Positive response ahead of new solicitor exam’s first sitting

Positive response ahead of new solicitor exam’s first sitting

The Solicitors Regulation Authority (SRA) today announced that more than a thousand people have signed up to take the first ever Solicitors Qualifying Examination (SQE) assessment in November.

The new single rigorous examination means that all aspiring solicitors will have to meet consistent, high standards at point of entry into the profession.

Bookings for the first SQE1 assessment closed last week. Kaplan, the SQE’s assessment provider, has reported that as at the close of bookings 1155 candidates had booked. The majority of bookings – 74 per cent – are for candidates to take the assessment in the UK. The remaining candidates will be taking their SQE1 exam overseas, with bookings in 47 other countries. One in twelve candidates requested reasonable adjustments.

Testing practical legal knowledge, SQE1 consists of just over ten hours of assessment taken over two separate days: 8 and 11 November 2021. SQE2 assesses practical legal skills and knowledge, with the first assessments scheduled for April next year.

The first assessments take place during the transition period to the new SQE. Anyone who has started on their training journey to become a solicitor – such as those who have begun a law degree, law conversion or training contract – can choose to carry on through the Legal Practice Course (LPC) route. A range of law firms have already committed to taking on SQE trainees, with many starting next year. It is anticipated that candidate numbers will rise significantly as these candidates begin taking the assessment.

Julie Brannan, SRA Director of Education and Training said:

‘It is encouraging to see such strong take up for the first sitting. Whether it is apprentices, overseas lawyers or law students who see the benefits of choosing to do the SQE, this shows there is already strong demand for the SQE.’

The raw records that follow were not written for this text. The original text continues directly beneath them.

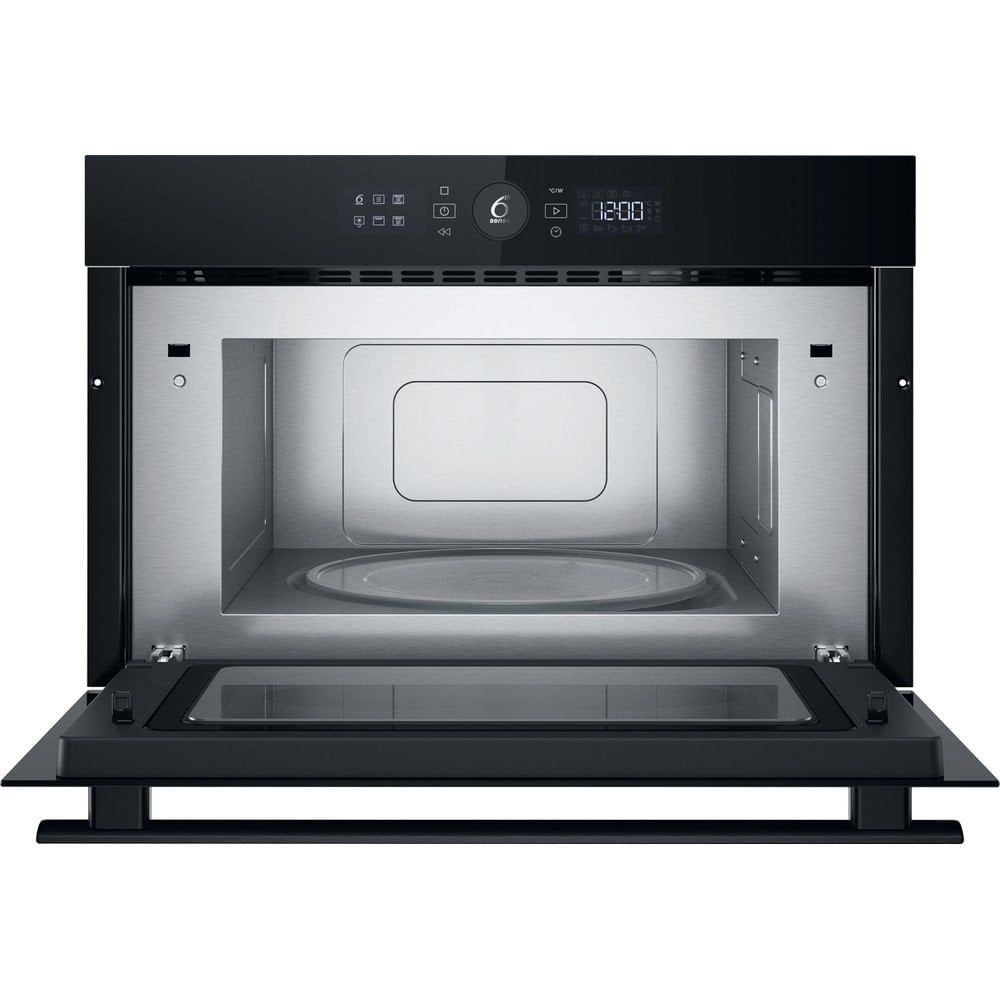 Whirlpool Wmd44mb Microondas Integrable 31 L, 1000 W Negro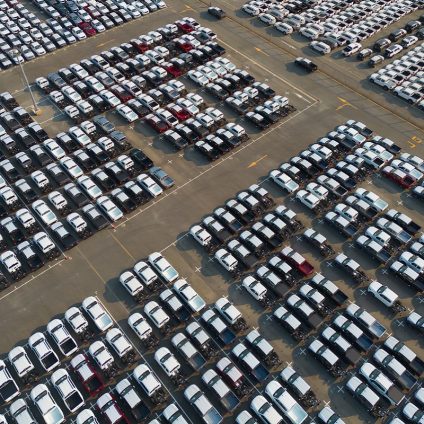 Rinnovabili • Immatricolazioni auto, in Italia volano le elettriche: + 75% in cinque mesi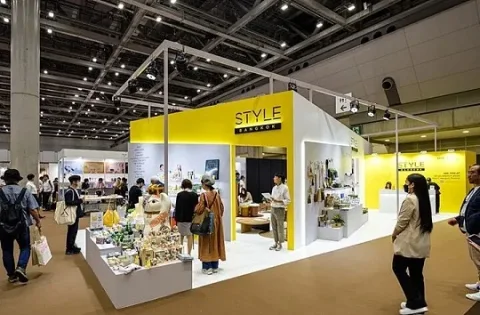 展会现场 5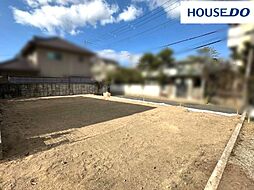 東灘区深江南町1丁目売土地Ａ号地（Ｂ号地）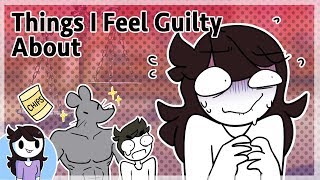 Things I Feel Guilty About [upl. by Cranford375]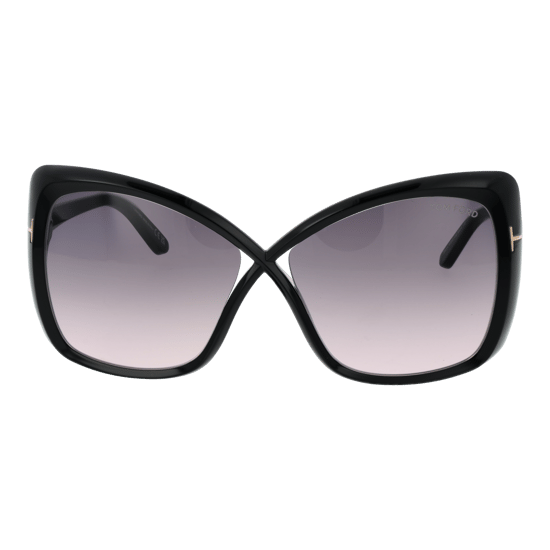 Tom Ford Gafas de sol FT0943 01B 63 - Image 2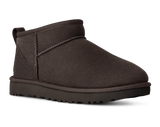 UGG Womens Classic Ultra Mini Boots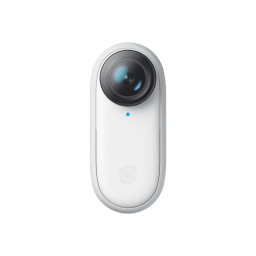 Insta360 ONE R 1-Inch Edition – Interchangeable Lens Action Cam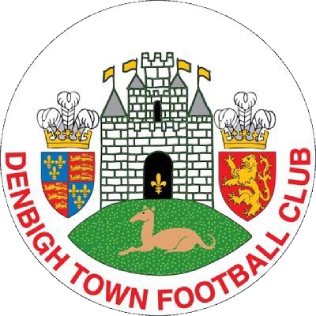 Logo Denbigh Town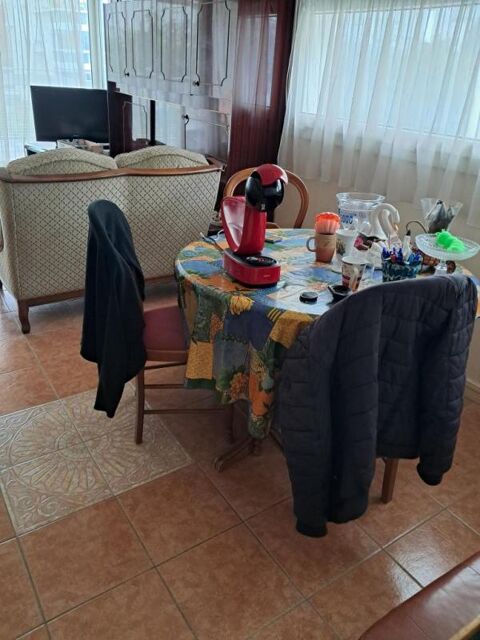  Appartement  louer 1 pice 9 m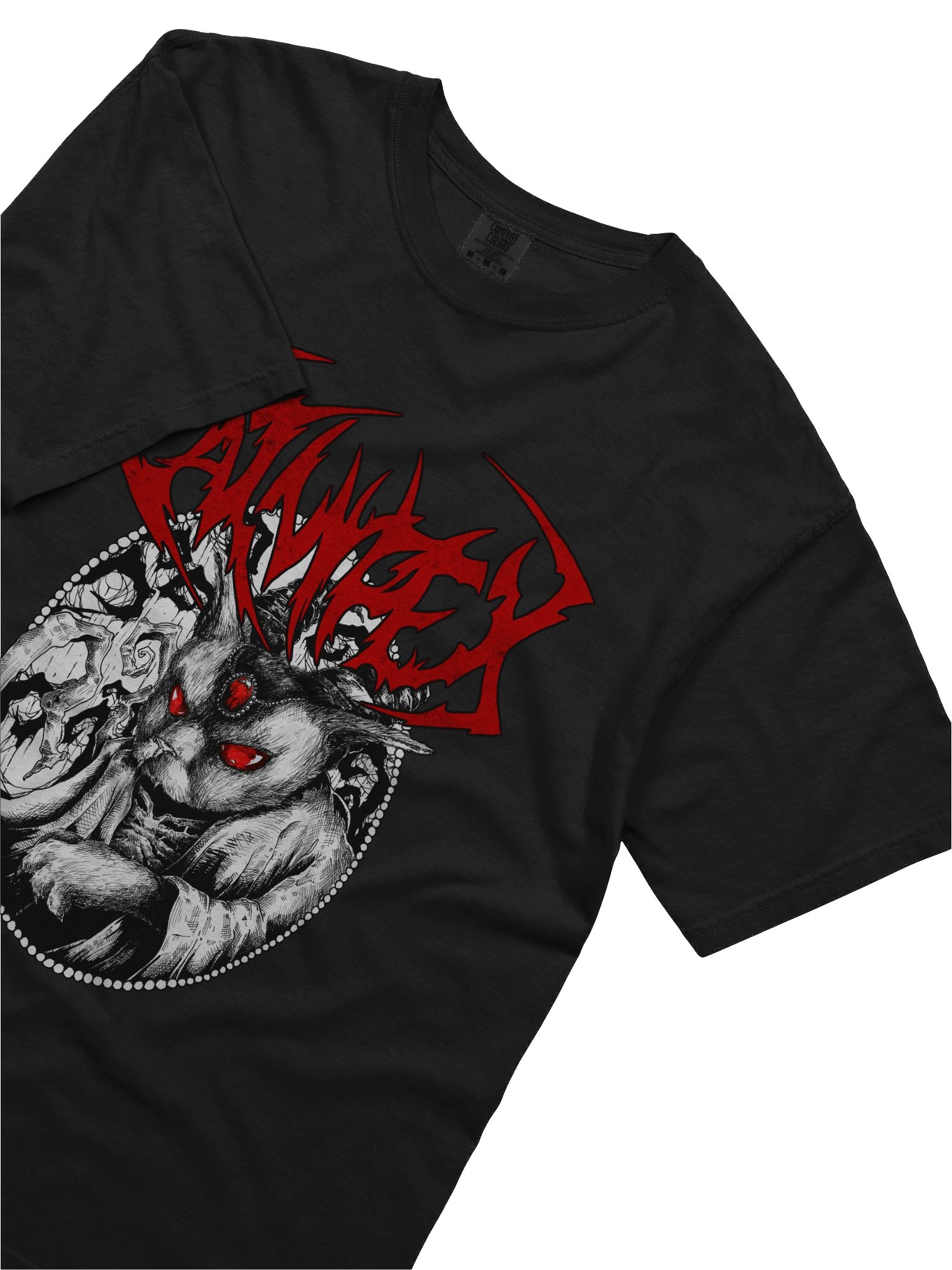 Catnipex - Tee product image (3)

The SRA is also encouraged by the initial signs in the SQE training market. In addition to universities who are planning to incorporate SQE into their courses, there are 12 training providers offering specific SQE1 and SQE2 training. These range from short online courses to extensive face-to-face teaching, enabling candidates to choose a course that suits them.

Many of these SQE courses would enable a candidate to train for under or around £10,000. That includes the total assessment fees of £3,980 – for SQE1 (£1,558) and SQE2 (£2,422). This means SQE candidates will have more options to train affordably, while also having greater opportunities to earn-as-they learn, with greater flexibility around how they gain relevant work experience. In England, solicitor apprenticeships also offer a zero-cost option for people to qualify through the SQE.

LPC candidates have to pay up to £17,000 – often investing large amounts up front with no guarantee of a training contract.

Julie Brannan, SRA Director of Education and Training said:

‘It’s early days, but the SQE training market is clearly developing. More choice, more flexibility and more affordable options should enable more talented people, from all backgrounds, to have a fairer shot at qualifying as a solicitor.’